• **EXERCISE PROMPT**
The records below are to be reproduced exactly, with every picture left out.

• **Stored items**

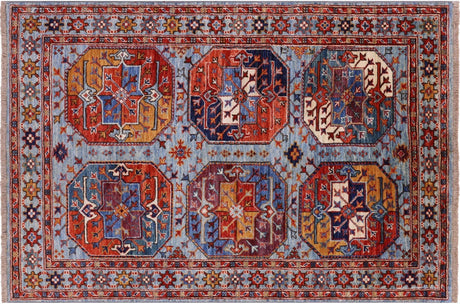 Super Turkmen Ersari Handmade Wool Rug - Manhattan Rugs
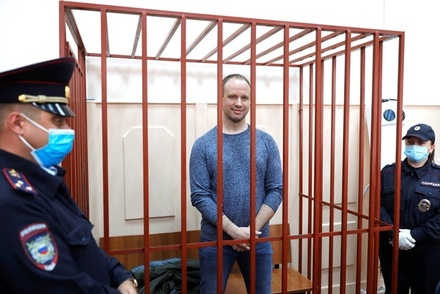 Обыск прошёл в московской квартире бывшего губернатора Левченко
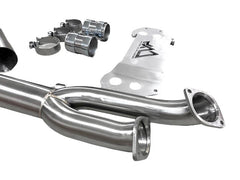 MAD S58 Single Midpipe w/ Center Brace - G80 M3 | G82 / G83 M4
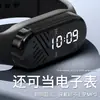 Pulsera Reloj Bluetooth Mp3 Altavoz Bluetooth Deportes al Aire Libre Fitness Correr Dispositivo Portátil Estilo Muñeca Mini Insertable de Tarjeta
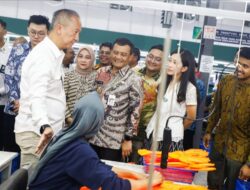 Ahmad Luthfi dan Menteri Perindustrian Lepas Ekspor Mainan ke Amerika Serikat Senilai Rp 23,5 Miliar
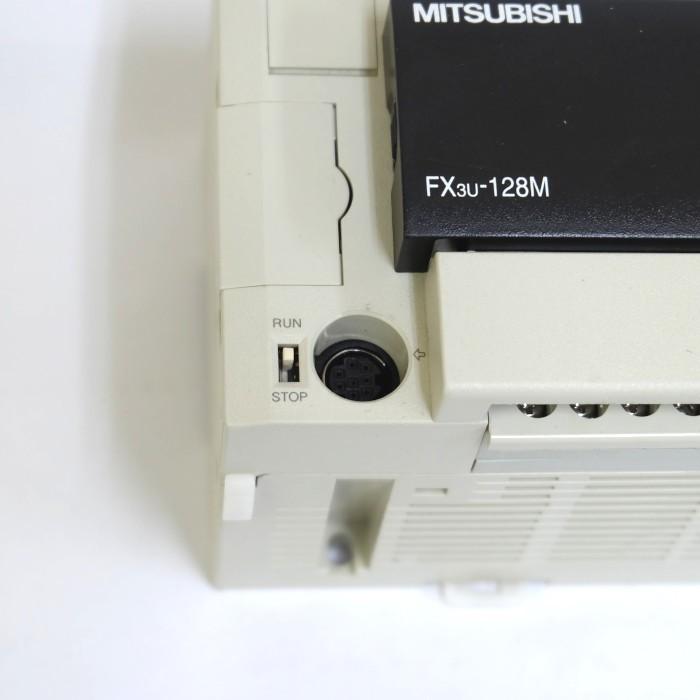 三菱電機 シーケンサー FX3U-128MT/ES : e-Spares.jp - 通販 - Yahoo 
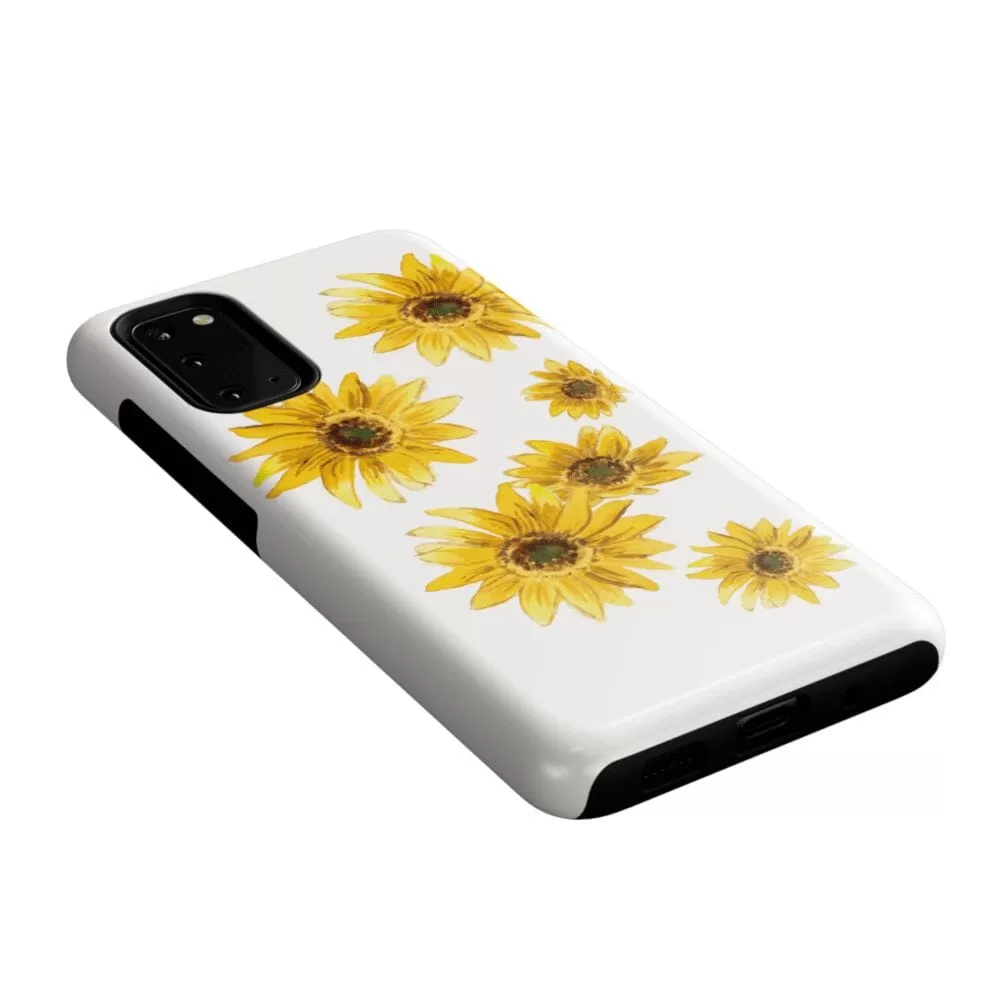 Golden Garden | Yellow Sunflower Floral Samsung Case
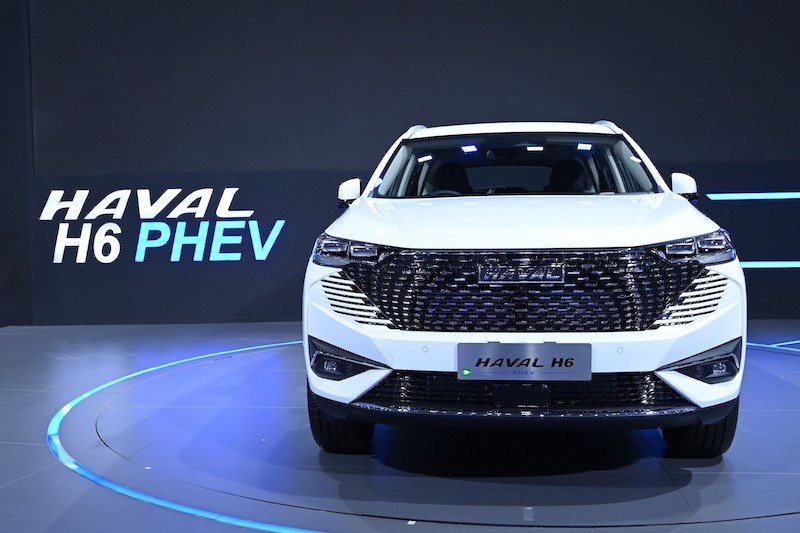 Great Wall Motor (Trường Thành) giới thiệu  SUV Haval H6 PHEV 2022 mới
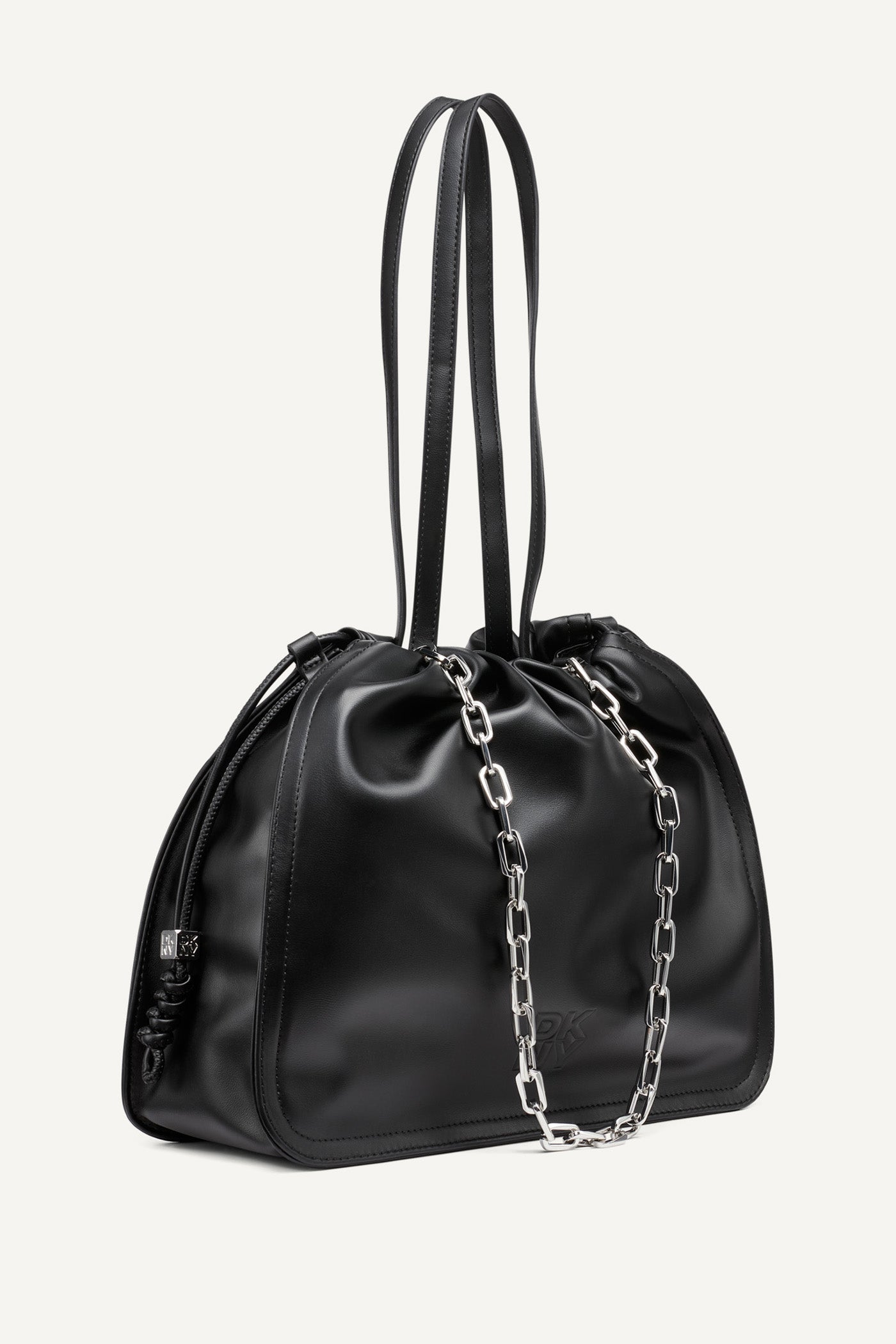 HALLE DRAWSTRING TOTE VIEW 3 HALLE DRAWSTRING TOTE VIEW 3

• **RESULT BELOW**
 Super Turkmen Ersari Handmade Wool Rug - Manhattan Rugs
 Обыск прошёл в московской квартире бывшего губернатора Левченко
 MAD S58 Single Midpipe w/ Center Brace - G80 M3 | G82 / G83 M4
 Pulsera Reloj Bluetooth Mp3 Altavoz Bluetooth Deportes al Aire Libre Fitness Correr Dispositivo Portátil Estilo Muñeca Mini Insertable de Tarjeta
 Ahmad Luthfi dan Menteri Perindustrian Lepas Ekspor Mainan ke Amerika Serikat Senilai Rp 23,5 Miliar
 三菱電機 シーケンサー FX3U-128MT/ES : e-Spares.jp - 通販 - Yahoo 
 Golden Garden | Yellow Sunflower Floral Samsung Case
 Great Wall Motor (Trường Thành) giới thiệu  SUV Haval H6 PHEV 2022 mới
 HALLE DRAWSTRING TOTE VIEW 3 HALLE DRAWSTRING TOTE VIEW 3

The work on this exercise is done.